Problem statement →
In the entries below, find the line with "मोटी 2MM अमेरिकी" and the line with "Used 2014 Jeep"; give again those lines and every line between them, exactly.

── Material for this exercise ──

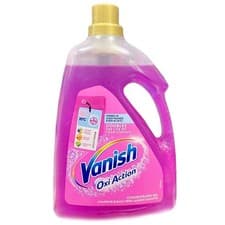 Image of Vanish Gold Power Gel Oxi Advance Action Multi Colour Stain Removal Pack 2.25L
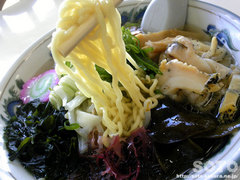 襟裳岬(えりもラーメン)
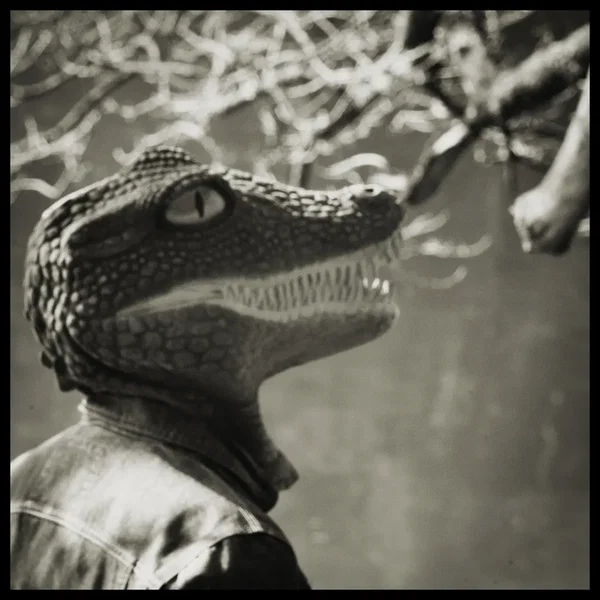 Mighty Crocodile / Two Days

───
── Material for this exercise ──

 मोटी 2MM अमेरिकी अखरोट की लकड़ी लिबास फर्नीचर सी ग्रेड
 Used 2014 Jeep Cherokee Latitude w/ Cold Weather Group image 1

───

Problem solution →
 मोटी 2MM अमेरिकी अखरोट की लकड़ी लिबास फर्नीचर सी ग्रेड
 Used 2014 Jeep Cherokee Latitude w/ Cold Weather Group image 1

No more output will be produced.